When I heard Charlie Trotter’s was closing, I planned a trip to Chicago specifically to try it before I lost my chance. I booked my reservation not knowing it was the day before the official 25th anniversary. Between that and the closing a week later, the place was buzzing. The tiny bar in the lobby was full of people, and although it seemed like more of a service bar, they were serving glasses of wine while folks waited for a table (even with a reservation we were told they were running slightly behind).
I was glad we were seated in the upstairs dining room, it seemed more quiet, and cozy. We chatted with some other diners who were from Chicago but hadn’t been in years and also wanted go before the closing.
We were given the choice of two tasting menus, the vegetable or grand tasting. We both opted for the grand, although I was tempted to order the vegetarian to see everything they were offering for the night. I also opted for the wine pairings, but had to stop about half way through. The pours were generous, definitely not too much for most and not even too much for me any night, but I was tired and wanted to make sure I didn’t get too sleepy to enjoy my meal.
The service overall was fantastic, but I got the impression it would have been even better had they not been so busy. When I was cold, they brought me a pashmina scarf but forgot my friend’s request for a lighter, no dairy dessert (although in the end she really enjoyed what came on the menu and I suspect was secretly glad).
We started with the faroe island salmon roe with roasted salisfy, preserved shallots, and kumomoto oyster. This was a warm broth served with a single kumoto oyster, which was juicy and delicious. It sort of reminded me of Thomas Keller’s oysters and pearls, but it was definitely a unique and creative dish.
Our second course was the Hamachi with squid ink, green tomato juice, kalamata olives, and avocado sorbet. This was the first time I’ve had Hamachi prepared any way other than sushi. It was rare, and delicious. I loved the flavor of the avocado sorbet and learned that I prefer the fish slight cooked. The combination of different textures in this dish was really outstanding, and we noticed the theme throughout the rest of the meal.
The third course was a halibut with braised beef cheek, chicken liver purée, chanterelle mushrooms, and apple and onion profiteroles. I loved the combination of all of the flavors in this dish, the halibut was light and buttery, the beef and chicken liver added a salty component, and the apple and onion profiteroles gave it a hint of sweetness. This was another interesting and incredibly well executed combination of many flavors and textures.

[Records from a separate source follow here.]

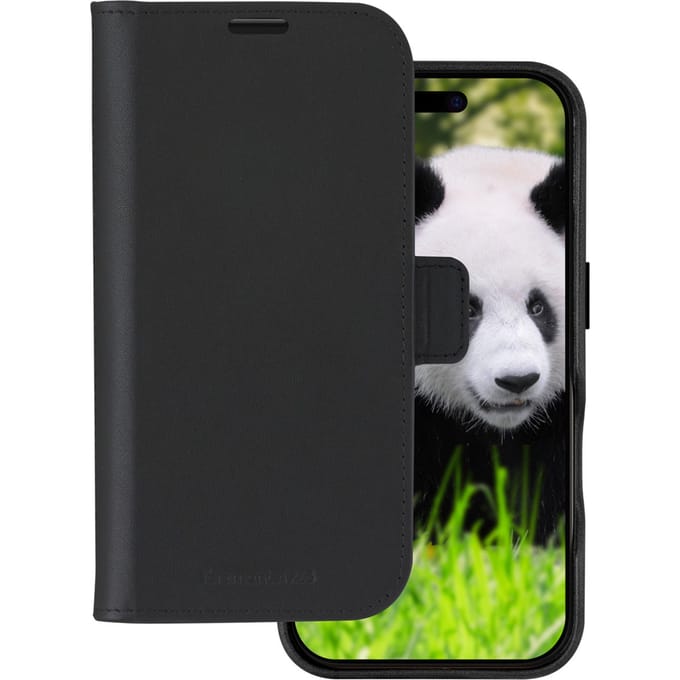 dbramante1928 Lynge Bookcase MagSafe voor de Apple iPhone 16 - Zwart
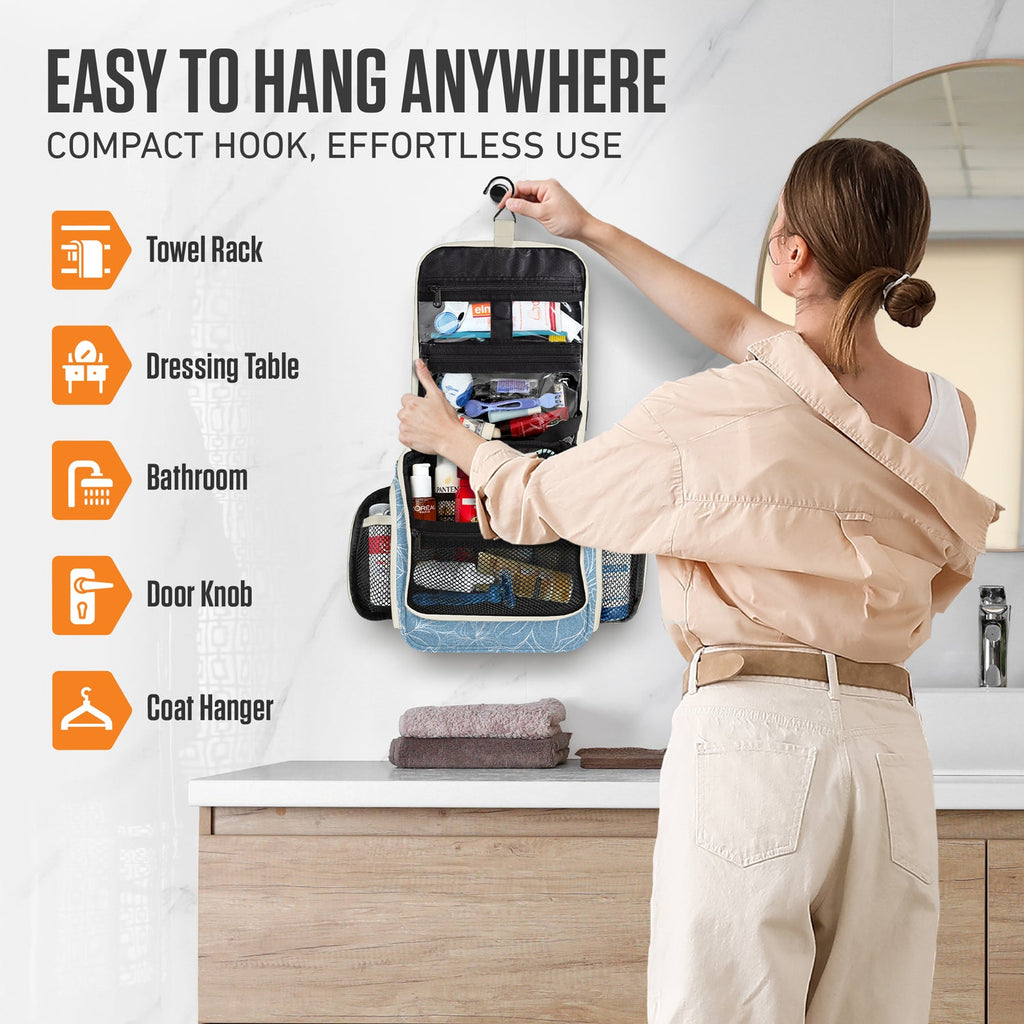 Hanging Travel Toiletry Bag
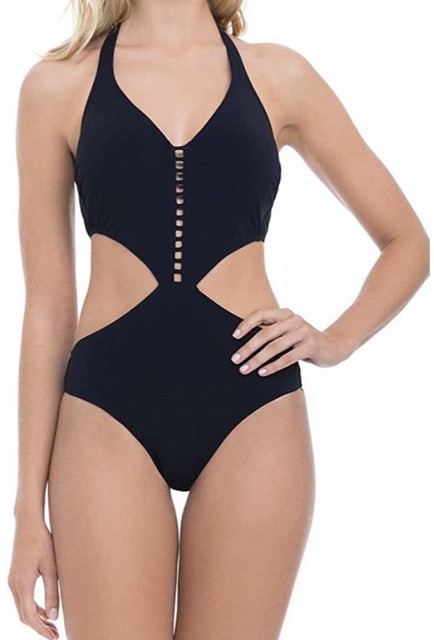 black swimsuit size 14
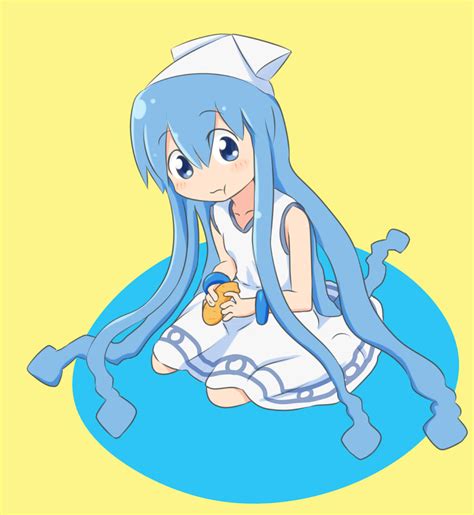 Ikamusume Squid Girl Shinryaku Ikamusume Image By Owlzfutaba Mangaka 3575855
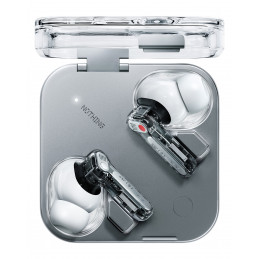 Nothing Ear (3) Kuulokkeet Langaton In-ear Puhelut Musiikki USB Type-C Bluetooth Valkoinen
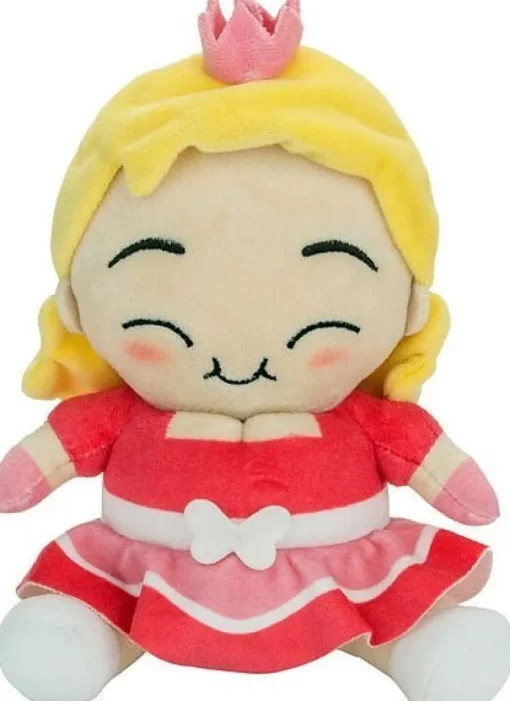 Tradera Fat Princess - The Pink Princess - Stubbins Plush Figure 15cm| Bamser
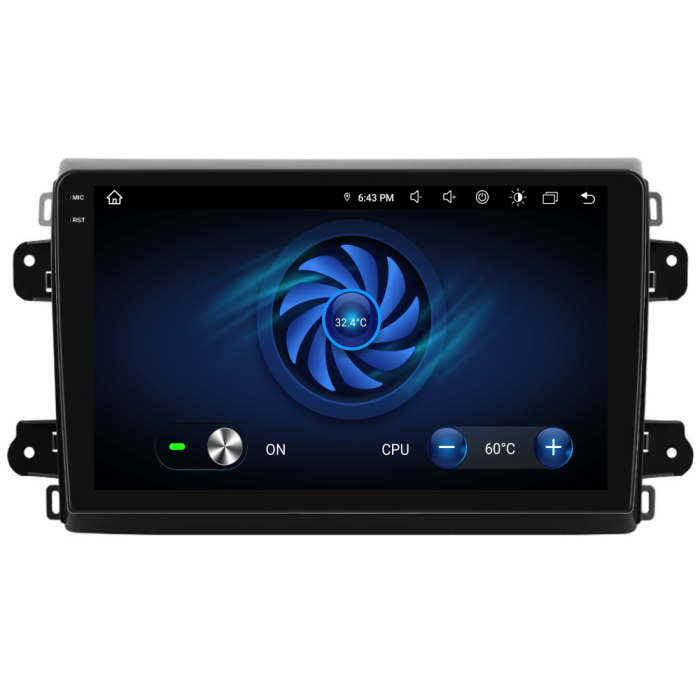 Navigatie Dedicata Fiat Ducato 2020+, 2K, 4Gb Ram, 64Gb Stocare, Carplay [8]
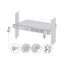 TP-Link Omada RackMount Kit-19 Montageset, 2 image
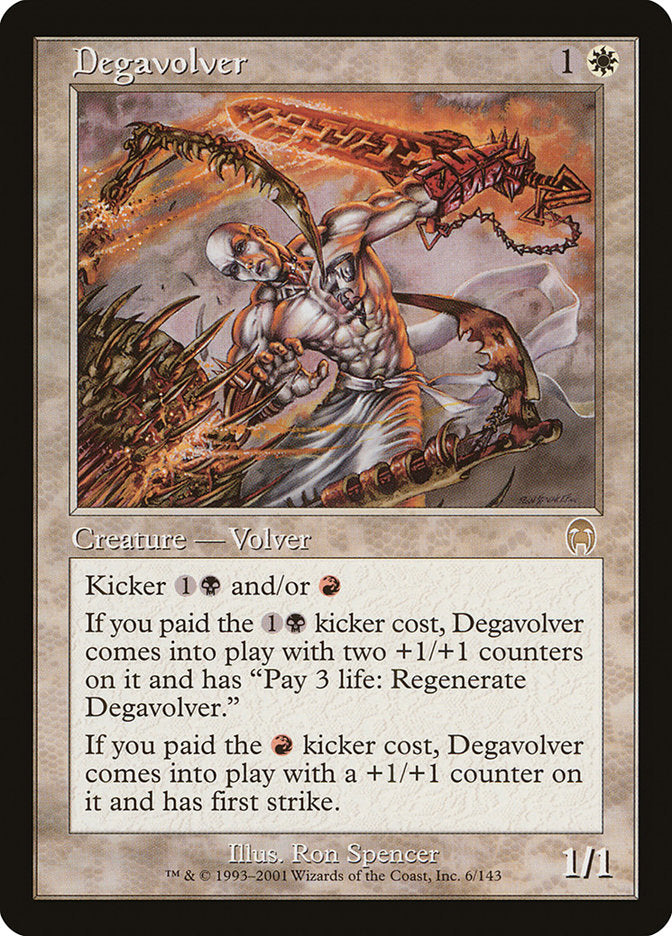 Degavolver [Apocalypse] MTG Single Magic: The Gathering | Red Claw Gaming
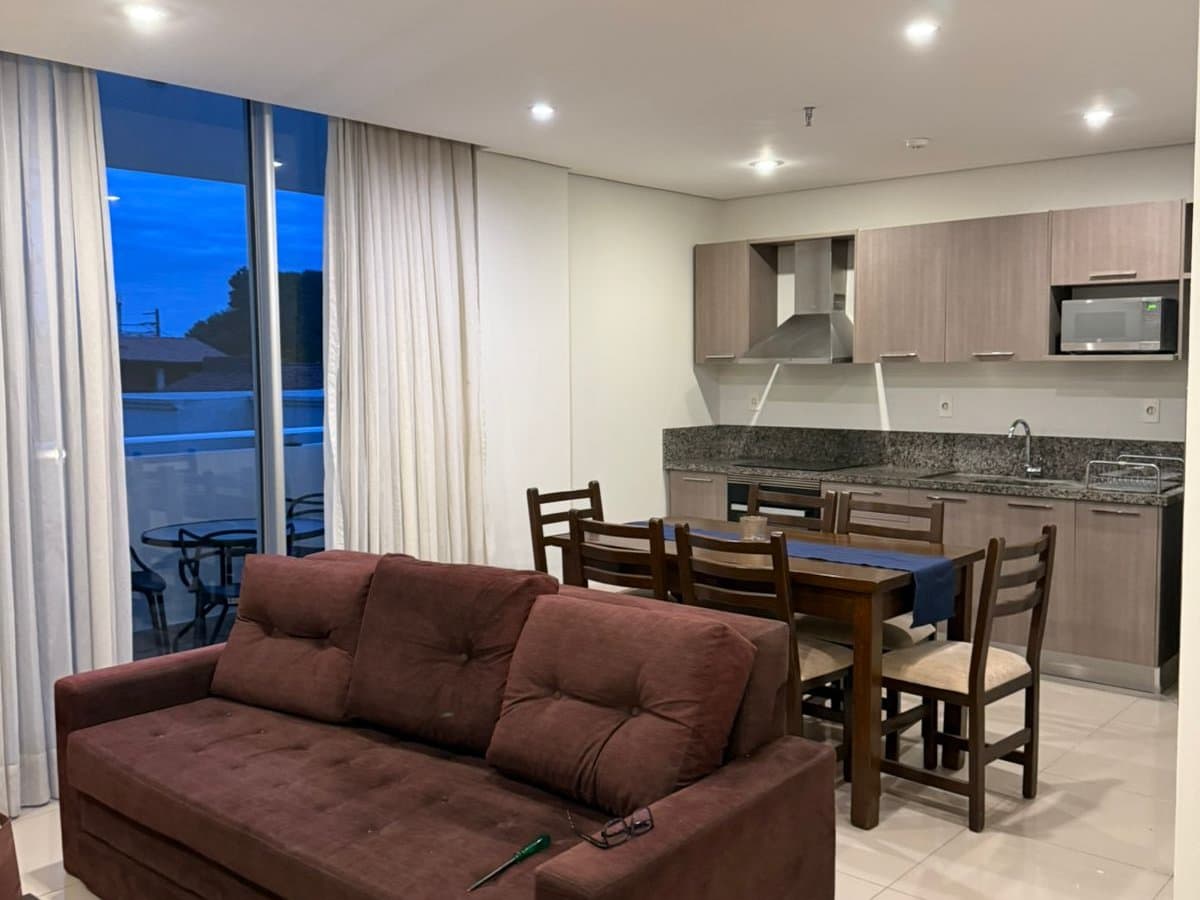 Departamento en alquiler, 1 dormitorio, Recoleta. Asunción- py, foto 2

Fourth was the Muscovy duck with smoked coconut, spring onion, and Venezeulan chocolate. This also came with bits of duck confit and the combination of the confit with the sliced breast was fantastic.
The fifth and final savory course was a lamb shank with curried sunchoke and New Zealand spinach. This also came with a slice of medium rare antelope. I’d never tried antelope before, and this was surprisingly not gamey and reminded me of lamb or venison.
The first of the sweet courses was a little bit of a palette cleanser, a raspberry sorbet with lemon verbena cream and Chambord curd tart. This was similar to strawberry shortcake; the tart was dense like cake but the dessert overall was very light and flavorful.
Next was the brown butter corn bread with Michigan cherries and corn gelato. The cornbread itself was light, not very sweet, and intentionally dry. When eaten in combination with the gelato it had the perfect amount of moisture and sweetness that you get with really good cornbread.
The final course of the evening was the triple criollo Riviera cake with lemon balm puree and strawberry tonka bean sorbet. This was a dark chocolate cake that had more of a consistency like thick mousse or ganache. The chocolate itself was not sweet; it was eating it in combination with the strawberries and sorbet that gave it the sweetness. The strawberries were some of the best I’ve ever had, they were fresh and juicy, and the perfect ending to an amazing meal.
After dinner, we toured the kitchen, which made an already incredible experience even better. We saw the chef’s table, several of the dishes we had just enjoyed being prepared, and caught a few glimpses of options from the vegetarian tasting we hadn’t tried. It was also the first time in a restaurant kitchen where we were not only allowed but encouraged to take pictures.
I have mixed feelings about my experience at Charlie Trotter’s. I truly enjoyed the meal and experience, but I’m disappointed I won’t be able to go back. The staff did hint that he would be moving on to other new and exciting projects; I hope it’s the case and would love to try anywhere new that Chef Trotter opens!